Image-caption web data
◇ ◇ ◇ ◇ ◇

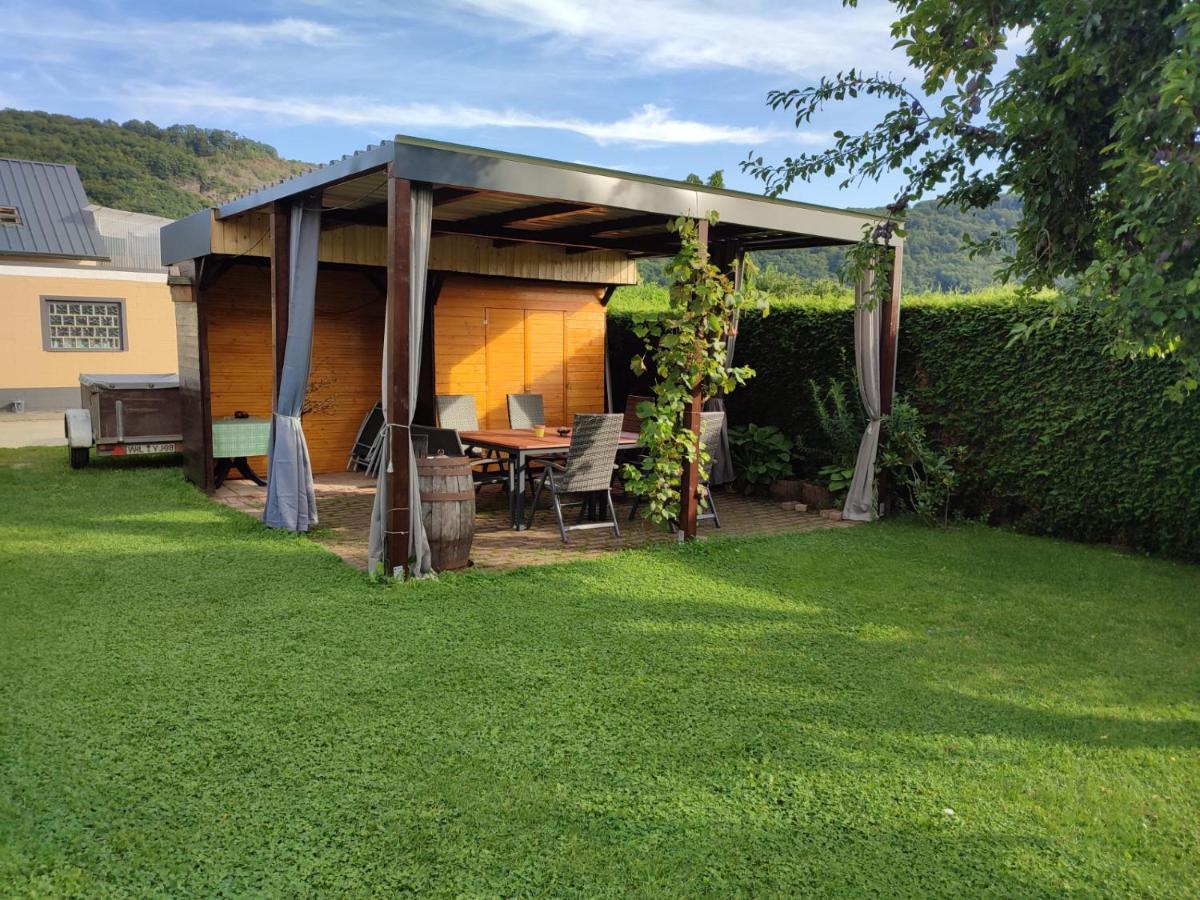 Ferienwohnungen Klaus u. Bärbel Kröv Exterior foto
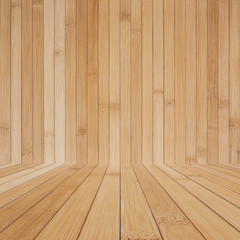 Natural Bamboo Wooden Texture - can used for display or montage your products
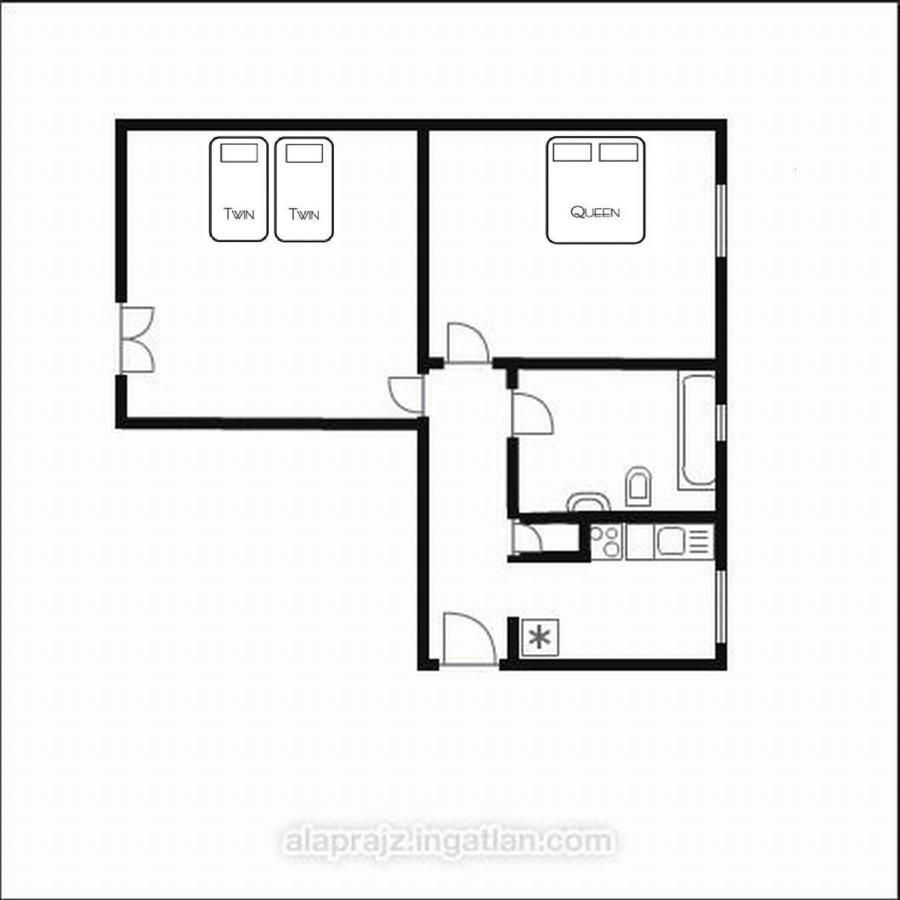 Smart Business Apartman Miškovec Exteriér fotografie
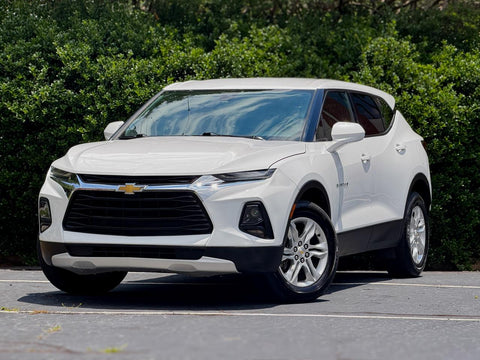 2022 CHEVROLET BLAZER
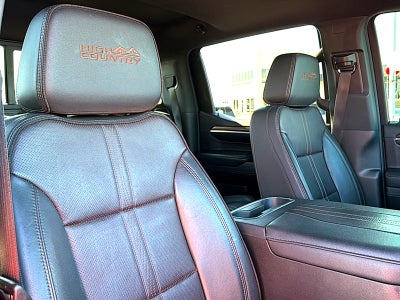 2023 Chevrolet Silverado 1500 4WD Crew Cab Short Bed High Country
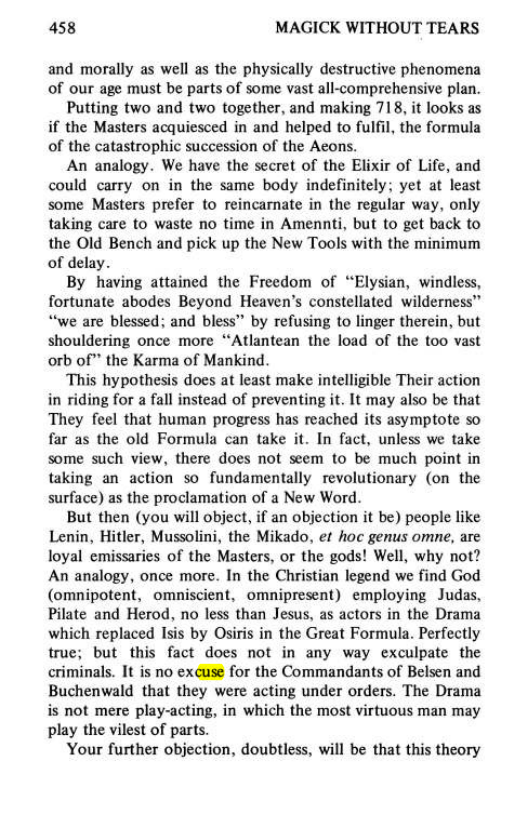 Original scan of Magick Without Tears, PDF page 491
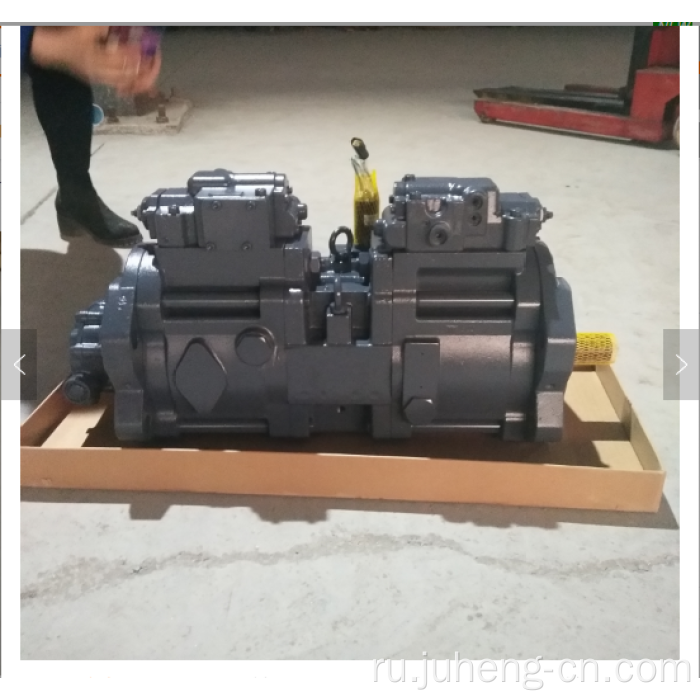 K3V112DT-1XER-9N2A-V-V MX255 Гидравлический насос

◇ ◇ ◇ ◇ ◇

[Work instruction] The answer must be an exact transcription of the lines from the one containing "Original scan of" through the last line of the records above, both included, with no pictures.

[Exercise response]
 Original scan of Magick Without Tears, PDF page 491
 K3V112DT-1XER-9N2A-V-V MX255 Гидравлический насос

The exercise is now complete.